Problem description:
Beneath this line is the data. Output exactly the lines from the line with "Altana ogrodowa z" to the line with "Item preview, Capybara", both ends included, and nothing more.

Records to use:

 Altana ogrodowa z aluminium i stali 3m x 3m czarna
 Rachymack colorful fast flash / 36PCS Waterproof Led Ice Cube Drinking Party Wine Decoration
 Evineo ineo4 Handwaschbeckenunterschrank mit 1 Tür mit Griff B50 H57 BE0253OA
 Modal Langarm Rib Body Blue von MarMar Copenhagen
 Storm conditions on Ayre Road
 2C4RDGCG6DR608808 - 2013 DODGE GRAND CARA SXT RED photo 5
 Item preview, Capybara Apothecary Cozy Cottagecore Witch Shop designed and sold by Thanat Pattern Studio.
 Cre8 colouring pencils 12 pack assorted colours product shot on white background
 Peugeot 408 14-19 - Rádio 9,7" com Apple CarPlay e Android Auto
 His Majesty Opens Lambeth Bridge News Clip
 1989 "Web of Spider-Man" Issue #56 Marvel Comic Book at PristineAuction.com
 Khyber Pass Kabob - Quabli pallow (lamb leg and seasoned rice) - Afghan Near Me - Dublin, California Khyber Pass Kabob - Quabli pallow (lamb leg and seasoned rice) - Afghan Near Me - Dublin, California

==

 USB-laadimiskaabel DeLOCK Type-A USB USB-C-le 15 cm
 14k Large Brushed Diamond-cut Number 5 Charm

---

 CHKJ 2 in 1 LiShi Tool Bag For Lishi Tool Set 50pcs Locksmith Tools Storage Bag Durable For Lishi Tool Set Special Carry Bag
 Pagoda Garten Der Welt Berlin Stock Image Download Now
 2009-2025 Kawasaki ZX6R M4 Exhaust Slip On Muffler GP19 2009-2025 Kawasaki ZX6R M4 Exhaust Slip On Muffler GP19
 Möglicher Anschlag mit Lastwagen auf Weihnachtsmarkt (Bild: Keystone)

Result:
 Altana ogrodowa z aluminium i stali 3m x 3m czarna
 Rachymack colorful fast flash / 36PCS Waterproof Led Ice Cube Drinking Party Wine Decoration
 Evineo ineo4 Handwaschbeckenunterschrank mit 1 Tür mit Griff B50 H57 BE0253OA
 Modal Langarm Rib Body Blue von MarMar Copenhagen
 Storm conditions on Ayre Road
 2C4RDGCG6DR608808 - 2013 DODGE GRAND CARA SXT RED photo 5
 Item preview, Capybara Apothecary Cozy Cottagecore Witch Shop designed and sold by Thanat Pattern Studio.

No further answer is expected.